__Data below__:

Content starts

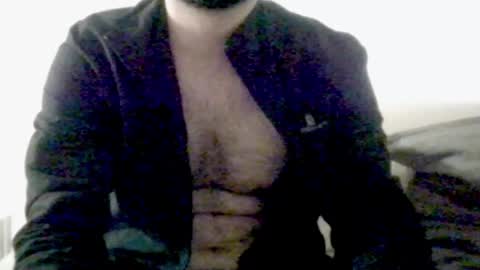 Snapshot of kingindisguise69 chatting on March 4, 3:00 am kingindisguise69 online show from March 4, 3:00 am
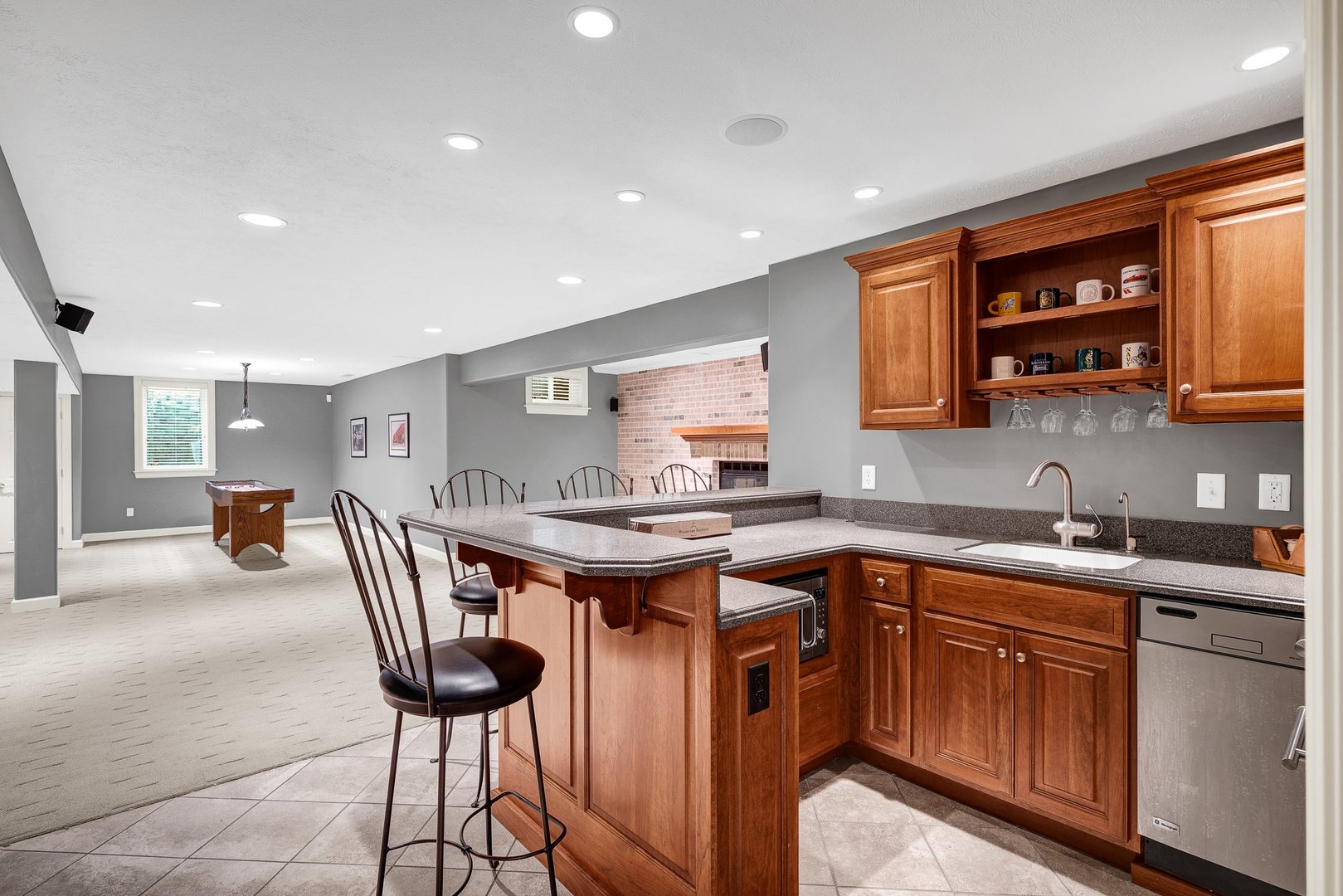 2109 Hackberry Road Bloomington, IL 61704 - Photo 53 of 64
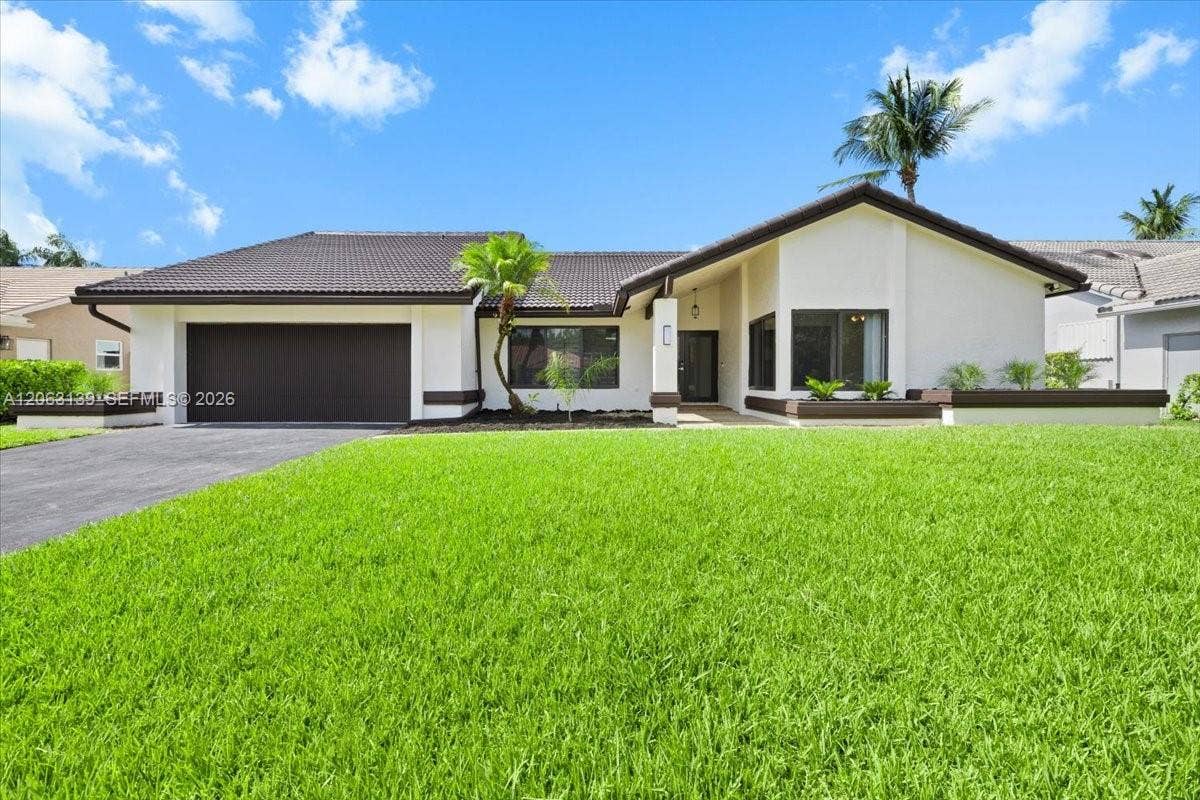 9272 NW 18th Street, Plantation, FL 33322 Photo 1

Content ends

The answer must be the data above, repeated exactly, with no pictures.

 Snapshot of kingindisguise69 chatting on March 4, 3:00 am kingindisguise69 online show from March 4, 3:00 am
 2109 Hackberry Road Bloomington, IL 61704 - Photo 53 of 64
 9272 NW 18th Street, Plantation, FL 33322 Photo 1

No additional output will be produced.